Every year, a promising artist (or two) is awarded the Umlauf Prize, and their work is displayed at the Umlauf Sculpture Garden. This year, the Umlauf is displaying not just the current prize-winning artwork, but a retrospective of several past prize-winners.

On Saturday, January 14, the sculpture garden will host an Insights artist talk with several Umlauf winners, including this year's winning artist, Elizabeth McClellan.

"This is the most ambitious production I've ever done," says Justin Sherburn of his new multimedia project The Time Machine. "It's definitely combining music and theater in a way that's new for me," he says, adding "the shows I've done in the past have been mostly music oriented with slight multimedia, [but] this is a full-on multimedia experience."

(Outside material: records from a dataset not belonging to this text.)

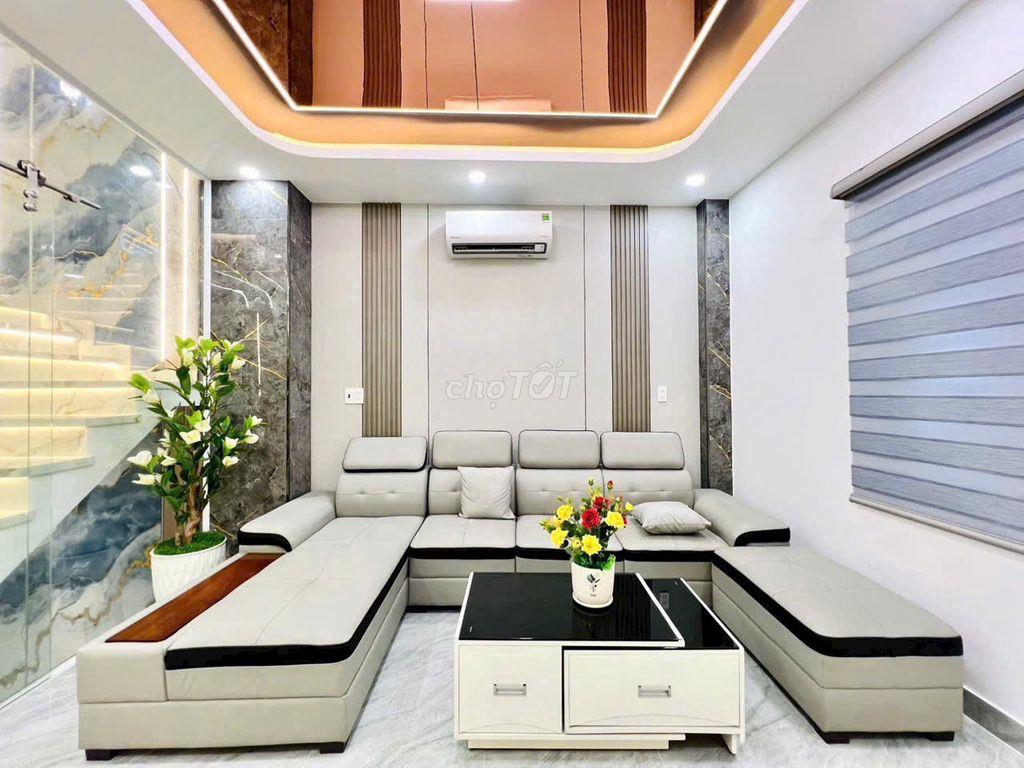 Bán nhà mặt tiền Thạnh Lộc 31 Q12 52m2 4PN full nội thất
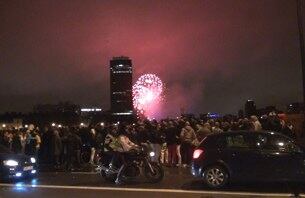 2012년을 맞이하여 템즈강변에서 불꽃 축제 구경을 하는 영국인들.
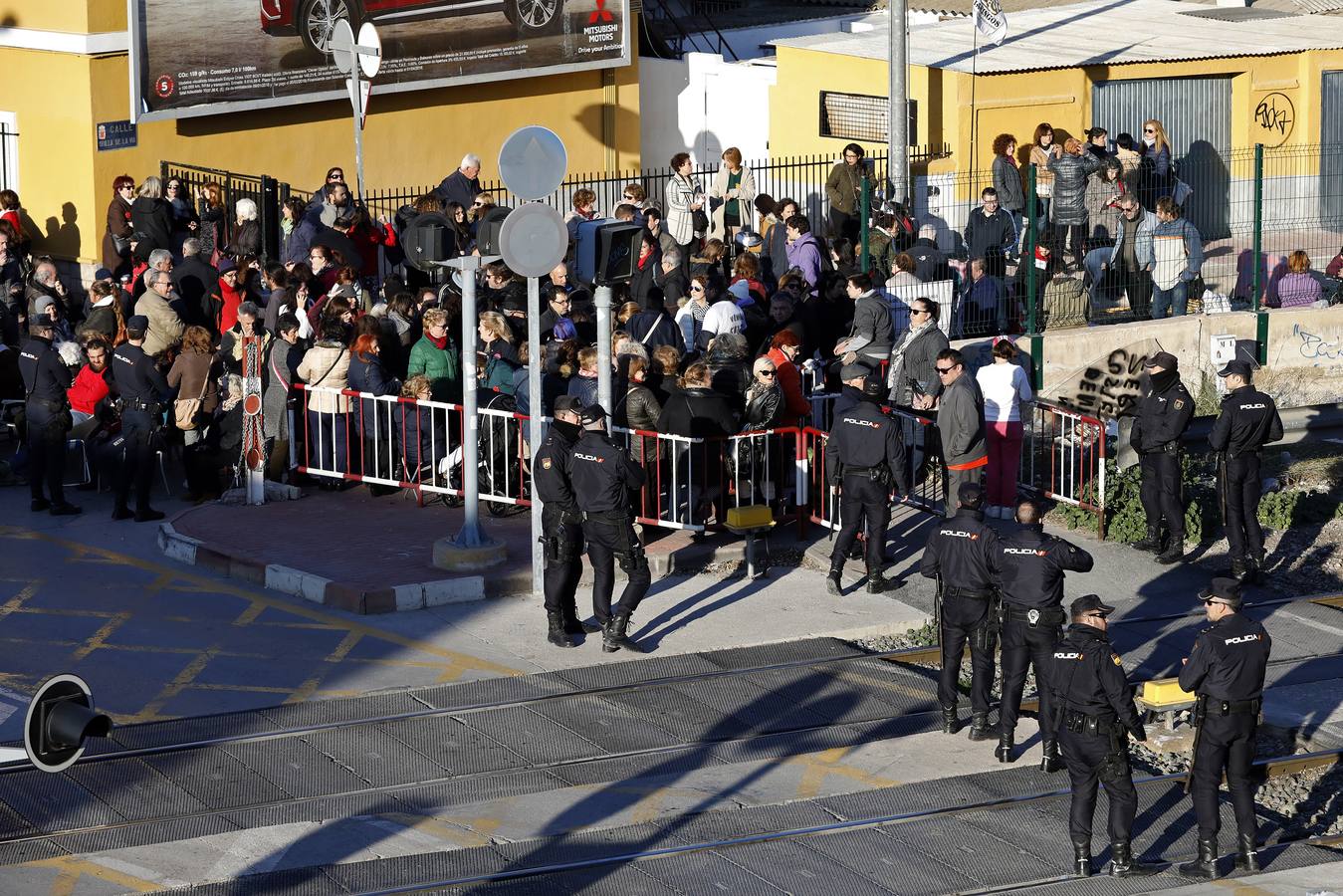 Decenas de agentes de policía nacional custodian el paso a nivel y la calle Torre de Romo en Murcia, donde este jueves comenzó el montaje de las zapatas de cimentación de esta estructura provisional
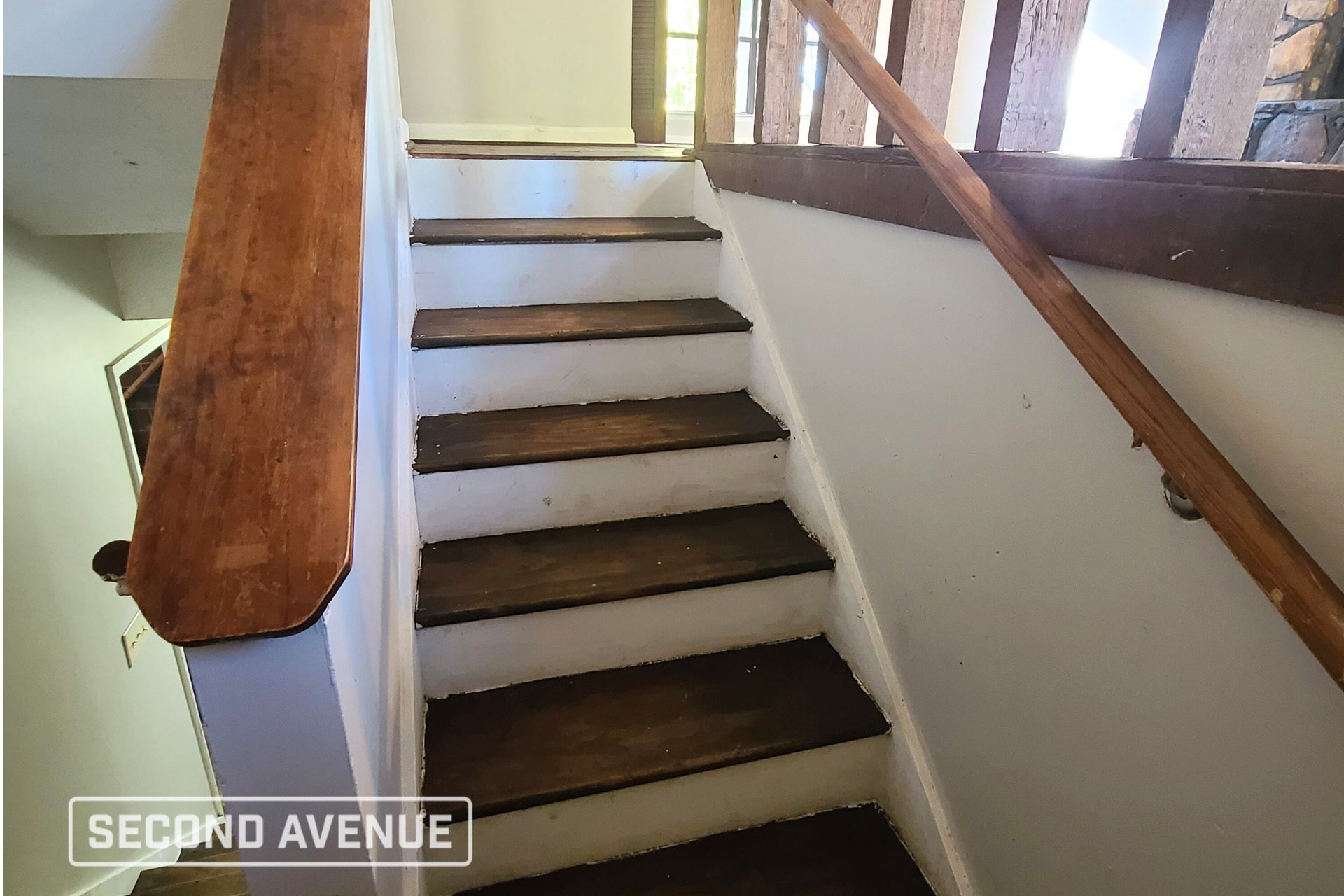 Building Photo - 1100 Moonglow Cir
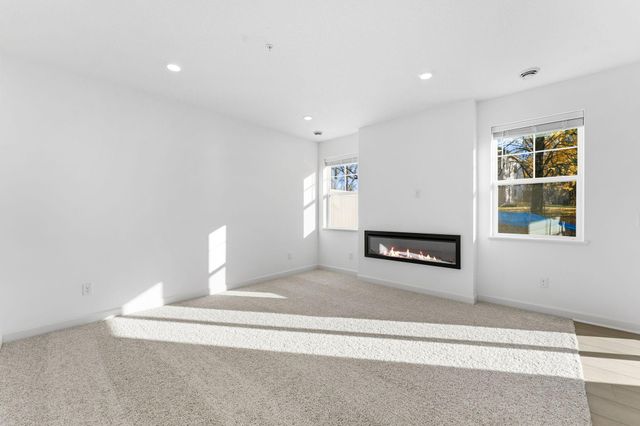 10514 Harbor Lane N, Maple Grove, MN 55369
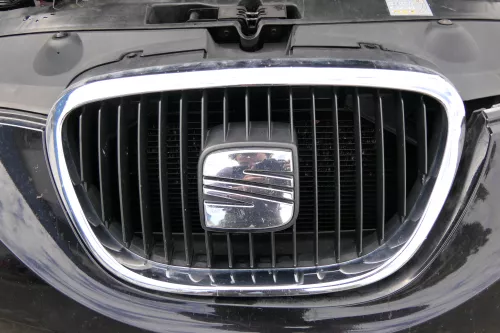 Seat Altea 5P Toledo 1P Grill Kühlergrill Zeichen 5P0853654 Emblem (171303)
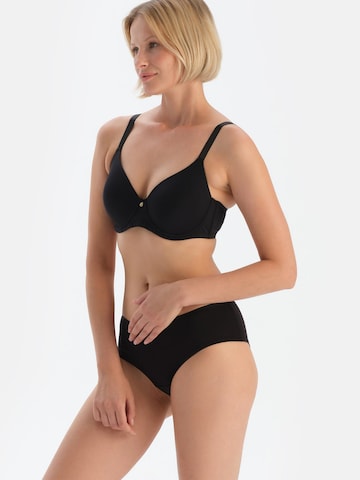 Chiloți de la Dagi pe negru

The show grew out of Sherburn's longstanding fascination with synthesizers. "I just always thought it'd be fun to... basically use a time machine as a theme to explore sythesizers.

In the sci-fi themed show, Sherburn and his band will journey through the 20th century, starting in Austin and moving through the decades and across the planet. Visual designer Stephen Fishman will manipulate an animation sequence live during the show, projecting images onto and around the band. "It makes it look like the band is actually immersed in this machine," Fishman says.

Hir, a dark comedy by multi-award winning playwright Taylor Mac, debuted only a year ago in New York to much acclaim. This January, Capital T Theatre is bringing the play to Austin for the first time.

The play is, in broad terms, an installment in the long pantheon of American family dramas; the four person cast includes a father, a mother, and their two children, and much of the drama revolves around their dysfunctional relationships. 

But Hir is definitely a modern take on that long-lived dramatic genre. It's more of a black comedy than a straight drama, and its characters include a father who's barely able to communicate (in a very literal sense, due to a recent stroke) and who dresses like a clown, a mother who is struggling to assert her dominance after years of oppression, a son who's returning from war while also recovering from drug addiction and a daughter who is transitioning from female to male.